Silvio de Abreu conta como foi escrever as dramáticas cenas da volta de Danilo em Passione. Com o auxílio de pesquisa, o novelista mergulhou no mundo dos viciados em crack para criar cenas próximas da realidade.

Qual a sua avaliação sobre as cenas da volta do Danilo?
Acho que as cenas não poderiam estar mais próximas à realidade. O Danilo está sujo, largado, completamente entregue às drogas. A caracterização do Cauã foi perfeita. O Profissão Repórter mostrou de uma maneira muito sensível como é o mundo na Cracolândia, como vivem aquelas pessoas que não conseguem se libertar do vício, que passam meses lá sem voltar para casa e são procuradas por familiares e amigos. Dá pra ver perfeitamente o Danilo ali. As cenas estão muito reais, muito perto daquilo tudo. O telespectador vai ter uma noção bastante aproximada do que o crack é capaz de fazer com uma pessoa.
Você recebeu algum direcionamento, ajuda de um profissional, para escrever este tipo de cena?
Fiz pesquisa. Para escrever cenas de um tema tão real como as drogas, não dá para tirar tudo da própria cabeça. Tinha e continuo tendo uma preocupação muito grande em tratar desse assunto de uma maneira muito real, muito humanizada. O Danilo está entregue às drogas mesmo, a família dele está sofrendo mesmo. Eu queria que as cenas se aproximassem de quem sofre direta e indiretamente com o vício.
Você achou a cena do Danilo pesada?
O que é pesado é o tema. O mundo das drogas não é algo que se aborde de maneira fácil. Se estamos tratando de drogas na novela, temos que tentar aproximar o telespectador desse mundo para que ele se convença de que aquele personagem realmente está passando por tudo aquilo. Apesar de ser uma ficção, há muitas coisas em uma novela que fazem parte da vida do telespectador e a droga é uma delas. Não dá para querer "maquiar" um vício que destrói com a vida de muita gente.
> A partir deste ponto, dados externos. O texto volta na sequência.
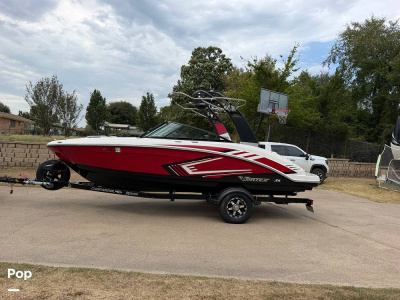 2019 Chaparral Vortex 203VRX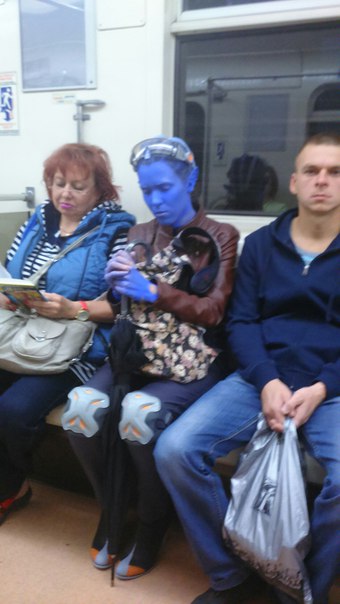 мода петербургского метро, мода метро, модники в транспорте, странные пассажиры метро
Você acredita que abordando este problema, consegue dar um cunho social a trama?
Claro que sim. Quantas pessoas não passam pelo mesmo, não se entregam ao crack, não somem de casa, não recebem apoio da família e se internam para recuperar-se? Quantas pessoas não estão envolvidas nisso direta e indiretamente? Quantos telespectadores não vão se identificar com o problema do Danilo de alguma maneira? O que pretendemos passar é que a recuperação é lenta e dolorosa, mas que é possível, com o apoio da família e de amigos.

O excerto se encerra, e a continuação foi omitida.